🤖 AI Summary
To address the low quality and weak evaluation capability of automatically generated unit tests, this paper proposes UTRL, a framework based on adversarial reinforcement learning that jointly trains two large language models (e.g., Qwen3-4B) in complementary roles: one as a test generator and the other as a discriminator. The discriminator employs a novel reward function integrating code execution feedback and defect detection capability to guide iterative refinement of test cases. Compared to supervised fine-tuning and GPT-4.1, UTRL achieves significant improvements in both fault detection rate and test assessment accuracy, with generated tests approaching human-written quality. This work is the first to introduce an adversarial co-evolutionary mechanism into LLM-driven unit test generation, enabling joint optimization of test generation and evaluation capabilities.

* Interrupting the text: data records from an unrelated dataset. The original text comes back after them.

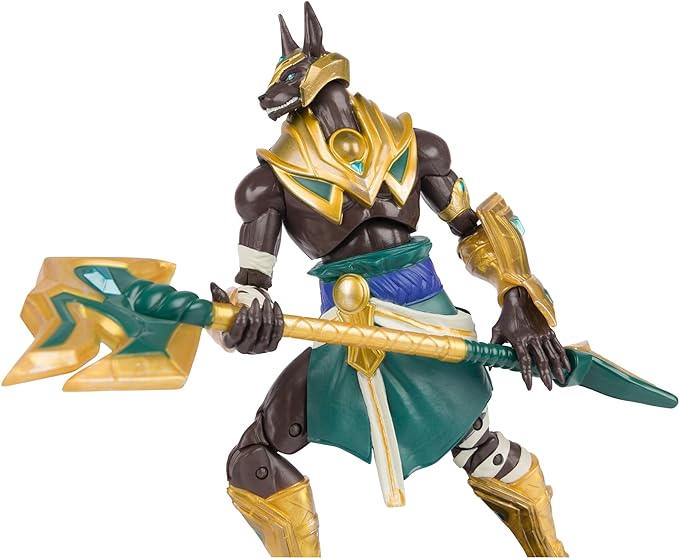 League of Legends, Official Nasus Premium Collectible Action Figure with Base, Over 8-Inches Tall, The Champion Collection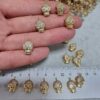 Zirkon Tasli Gold Kuru Kafa Kolye Ucu 2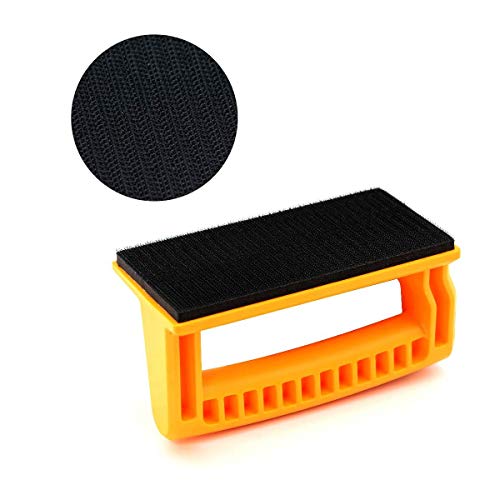 POWERTEC 71435 Hook and Loop Sanding Block w/Sandpaper Grit 40, 8...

It establishes a new paradigm for trustworthy verification of AI-generated code.
📝 Abstract
Unit testing is a core practice in programming, enabling systematic evaluation of programs produced by human developers or large language models (LLMs). Given the challenges in writing comprehensive unit tests, LLMs have been employed to automate test generation, yet methods for training LLMs to produce high-quality tests remain underexplored. In this work, we propose UTRL, a novel reinforcement learning framework that trains an LLM to generate high-quality unit tests given a programming instruction. Our key idea is to iteratively train two LLMs, the unit test generator and the code generator, in an adversarial manner via reinforcement learning. The unit test generator is trained to maximize a discrimination reward, which reflects its ability to produce tests that expose faults in the code generator's solutions, and the code generator is trained to maximize a code reward, which reflects its ability to produce solutions that pass the unit tests generated by the test generator. In our experiments, we demonstrate that unit tests generated by Qwen3-4B trained via UTRL show higher quality compared to unit tests generated by the same model trained via supervised fine-tuning on human-written ground-truth unit tests, yielding code evaluations that more closely align with those induced by the ground-truth tests. Moreover, Qwen3-4B trained with UTRL outperforms frontier models such as GPT-4.1 in generating high-quality unit tests, highlighting the effectiveness of UTRL in training LLMs for this task.